So why is the City of Seattle spending money on case management instead of homes for the people displaced by Nickelsville’s closure in August?

This summer, the Seattle City Council found an extra $500,000 stuffed under our proverbial mattress. These funds were allocated to help the residents of Nickelsville find housing, as the council also voted to displace the camp. Local churches and housing-services groups then helped residents of Nickelsville who were moved to three different sites.

No new housing was built, no new shelters were made available and no new space was opened for Nickelsville-style tent cities. Instead, Nickelsville residents get more case managers.

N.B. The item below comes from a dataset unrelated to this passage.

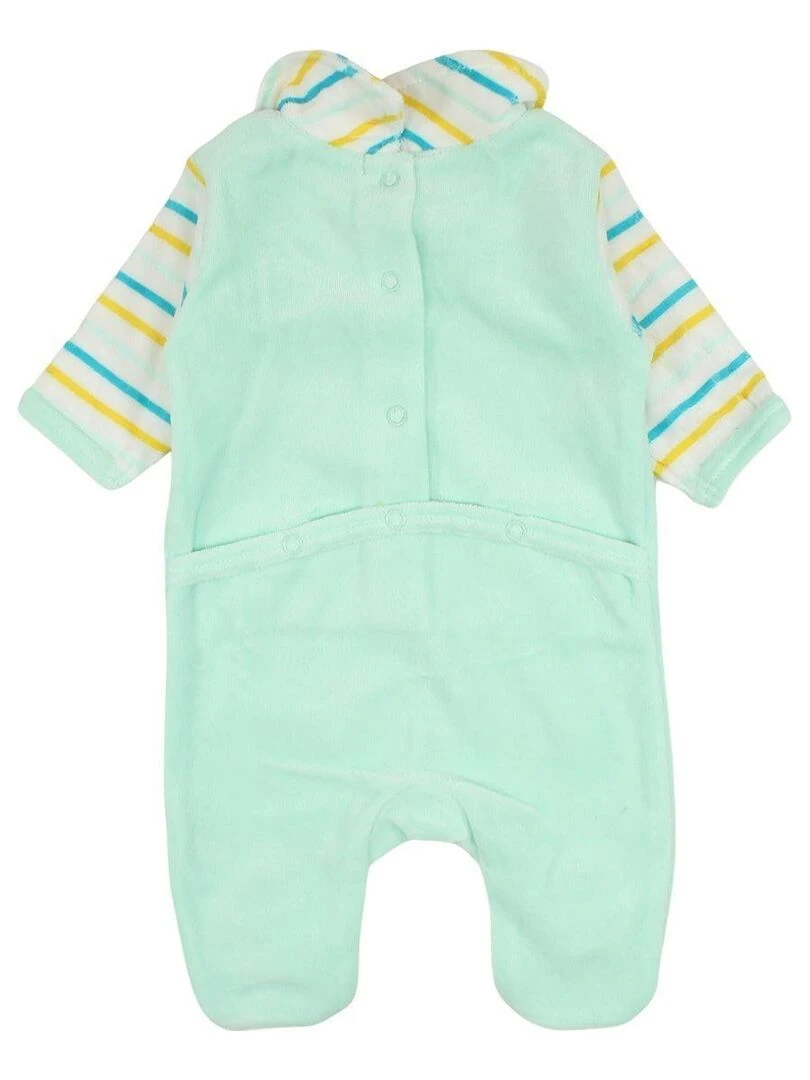 Lee Cooper Grenouillere bébé garçon imprimé Lee Cooper en coton Vert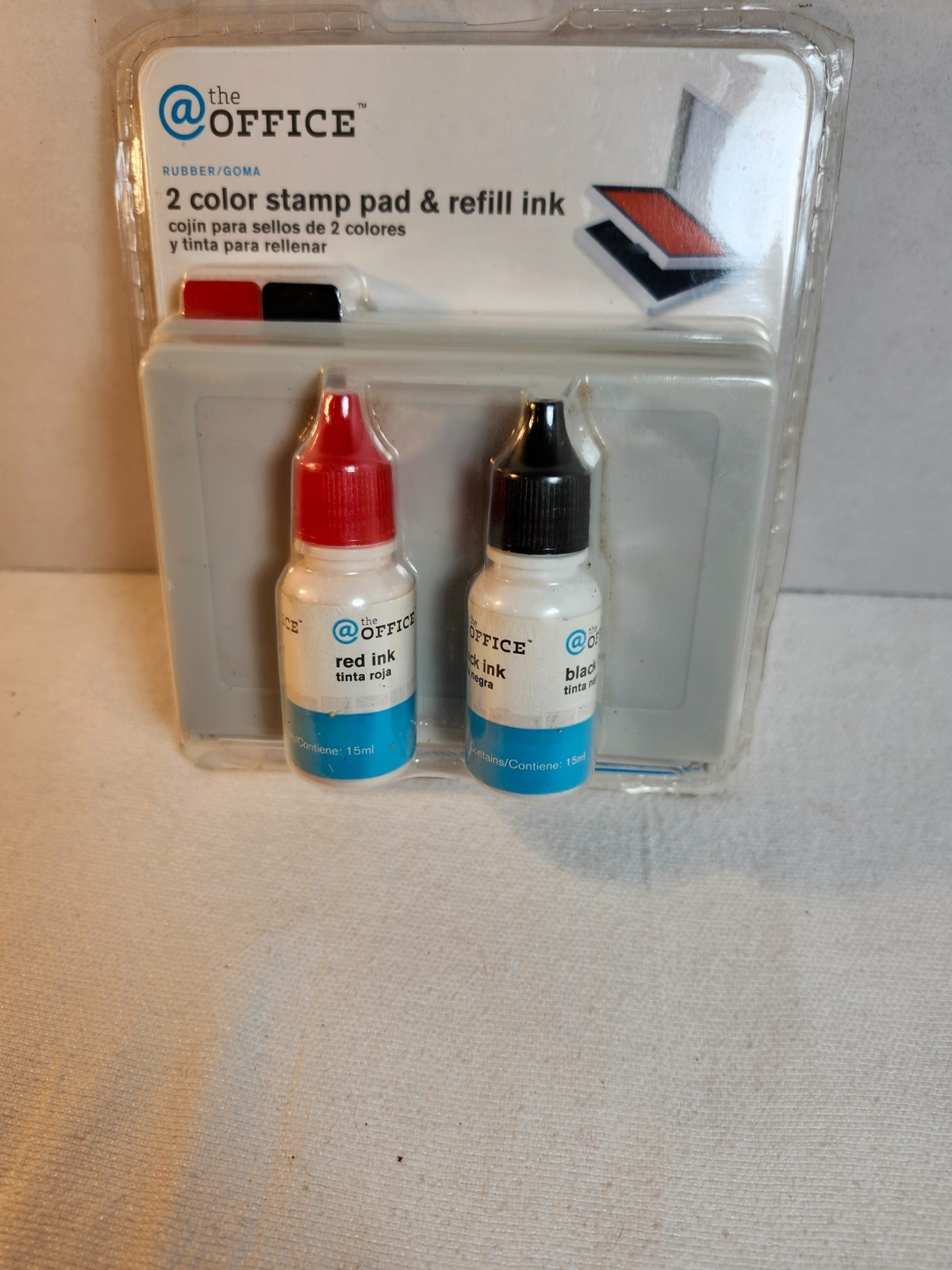 @ THE OFFICE 2 COLOR STAMP PAD & REFILL INK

The city already funds a substantial case-management and multi-service center for homeless people, including those at Nickelsville. The Downtown Emergency Service Center’s Connections Program, exclusively funded by the city, offers a hygiene center, treatment referrals, training and case management for homeless people.

Did Mayor Mike McGinn and the City Council forget their previous plan to secure a city-sanctioned site for Nickelsville?

I am not saying case managers and supportive services are not needed. I want to honor the difficult and outstanding work performed by poorly compensated social-service providers. Without them, we would be worse off.

Just two years ago there was a moment to provide a permanent home for this version of a tent city. The city had discussed turning the Sunny Jim site in Sodo into an encampment site for $120,000.

The case-management services sign up people on housing waitlists that are already too long. Case managers have to tell their new clients that transitional housing waits are just as long or use a lottery-style selection process.

New case managers must also explain there are no available shelters that will accept males over 10 years of age. Further, married couples without children will likely have to stay in separate shelters across town from each other, each with different curfew restrictions.

One could argue it was not the cost that derailed the option of a permanent site. Rather, it was that a minimum standard of amenities could not be provided, such as enough sinks and toilets, and a sound, clean structure.

Yet two years later, Nickelsville was still using a temporary and illegal camp site. Amenities included: pallets to stay out of the mud and outhouses. But letting Nickelsville camp legally on a designated piece of old blacktop is somehow worse?

We need to provide a permanent site for Nickelsville. It would be great to provide a site with plush amenities. At the very least we can provide some pavement (flush toilets would be a bonus). So before we all pat ourselves on the back for spending $500,000 on new services, let us provide the one service Nickelsville is actually asking for: a well-regulated, permanent and legal site.

Tell the City Council that you support a city-sanctioned site for Nickelsville.

To end homelessness, people need homes; a home for their camp is a start. Let’s give Nickelsville a home. We aren’t building affordable housing fast enough and the waitlists are very long. While waiting for permanent housing, the least our great city can do is provide a legal and safe place to pitch a tent.

Derek Low is studying for master’s degrees in social work and public health at the University of Washington. He has worked in homeless services in Seattle since 2000.